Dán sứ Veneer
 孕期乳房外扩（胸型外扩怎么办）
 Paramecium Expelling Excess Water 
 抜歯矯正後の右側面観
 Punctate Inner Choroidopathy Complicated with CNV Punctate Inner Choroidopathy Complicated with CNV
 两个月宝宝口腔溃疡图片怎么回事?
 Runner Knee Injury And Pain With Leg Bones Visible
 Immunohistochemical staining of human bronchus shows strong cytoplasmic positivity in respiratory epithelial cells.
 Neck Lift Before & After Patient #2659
++++++++++
**WHAT IS BEING ASKED:** After locating the line containing "Paramecium Expelling Excess Water", write out that line and all remaining lines of the records exactly, with nothing added.

**SOLUTION FOR THIS PROBLEM:**
 Paramecium Expelling Excess Water 
 抜歯矯正後の右側面観
 Punctate Inner Choroidopathy Complicated with CNV Punctate Inner Choroidopathy Complicated with CNV
 两个月宝宝口腔溃疡图片怎么回事?
 Runner Knee Injury And Pain With Leg Bones Visible
 Immunohistochemical staining of human bronchus shows strong cytoplasmic positivity in respiratory epithelial cells.
 Neck Lift Before & After Patient #2659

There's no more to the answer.